- Gisozi Location in Burundi
- Coordinates: 3°34′S 29°41′E﻿ / ﻿3.567°S 29.683°E
- Country: Burundi
- Province: Mwaro Province

= Gisozi, Burundi =

Gisozi, also Kisozi is a settlement in central Burundi and capital of the commune of the same name.

==Location==
Gisozi is in Mwaro Province, to the southeast of Bujumbura (the largest city and former capital of Burundi) and southwest of Gitega (the current capital).
It is on the RP33 road, which runs north from the RN7 highway through Gisozi to the town of Mwaro.
There is a health center in the southwest of the village.

==Agronomic Research Station==

The first tea cultivation trials in Burundi were set up at the Gisozi Agronomic Research Station (Recherche Agronomique de Gisozi) in 1963.
This is a regional branch on the Institute of Agronomic Sciences of Burundi (ISABU).

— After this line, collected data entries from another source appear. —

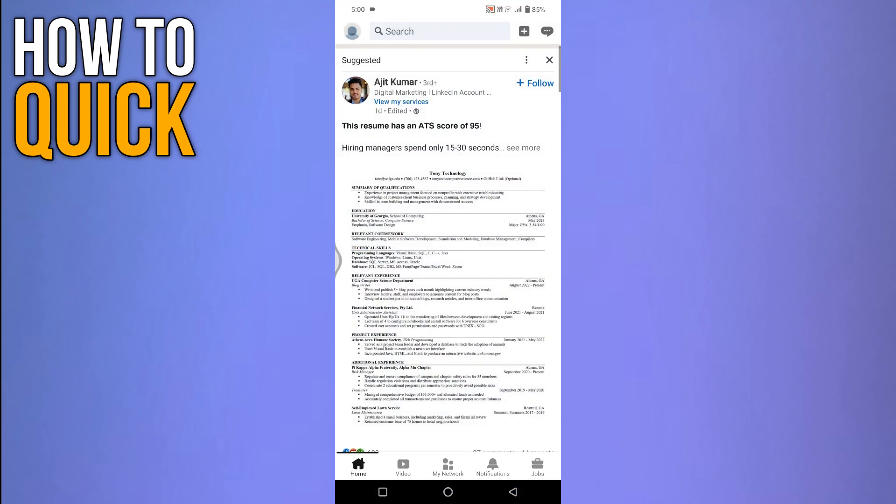Once you are on the home screen, locate the Messenger icon at the top right corner of the screen. This icon allows you to access all your LinkedIn conversations. Tap on it to proceed.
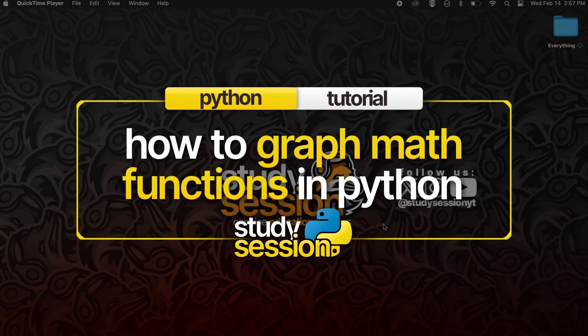Everyone, in this video we're going to quickly walk through how you can begin graphing functions in Python.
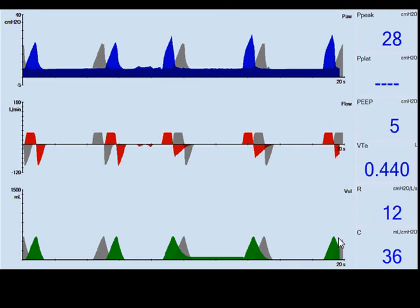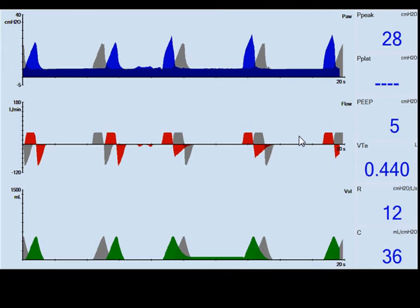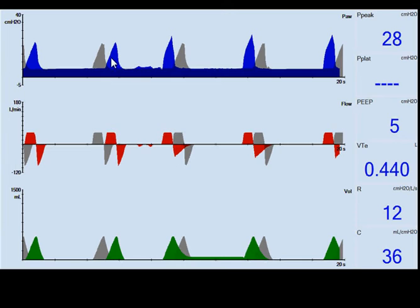We changed the resistance to a higher resistance of 12. The peak inspiratory pressure went up, but the flow waveform remains constant. The ventilator is going to try to deliver the same volume every time. The volume display is an average of breaths, so it will remain the same. Volume is constant and pressure is changing, increasing versus baseline.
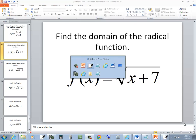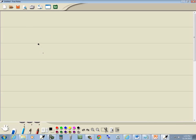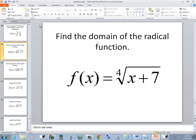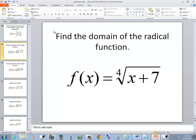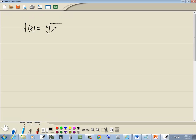Let's take a look at this problem. We've got f of x is equal to the fourth root of x plus 7.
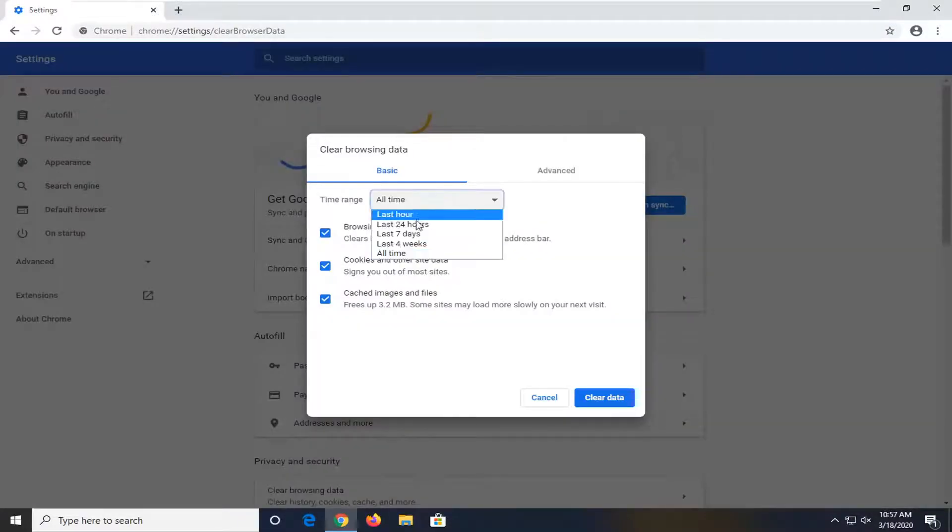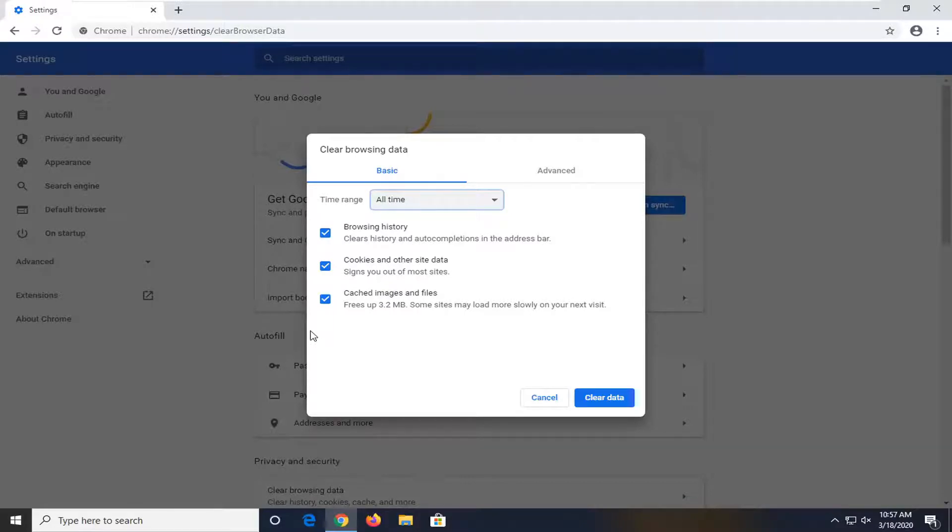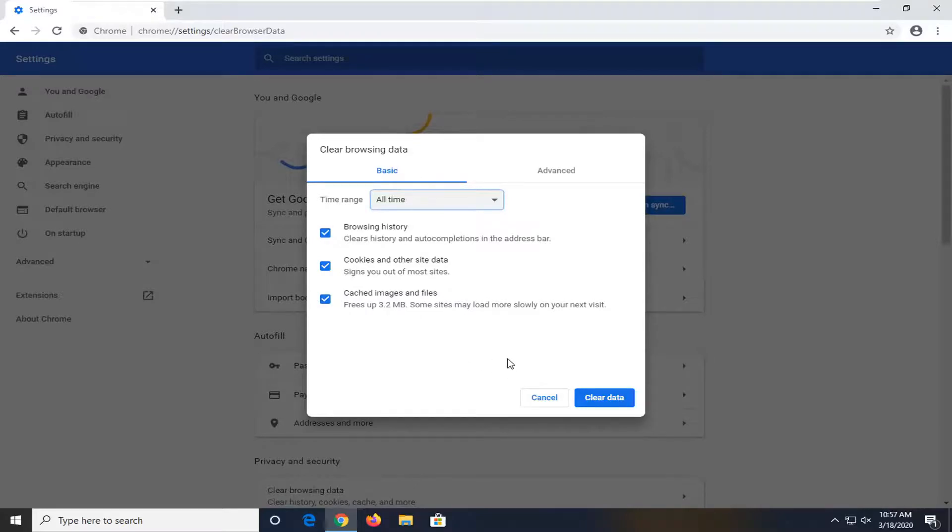Set the time range to All Time and then make sure Browsing History, Cookies and Other Site Data, and Cached Images and Files are all checkmarked. Please know you might have to enter back in sign-in credentials on websites once you reset all this. So select Clear Data.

In March 1999 the Italian Cooperation Office donated a 3"x3" water motor pump and a 4.5KVA/50hz generator set to the research station.
In June 2017 the station was receiving technical and financial support from the International Atomic Energy Agency (IAEA) in research into using nuclear techniques to boost the productivity of cassava, an important basic food in Burundi.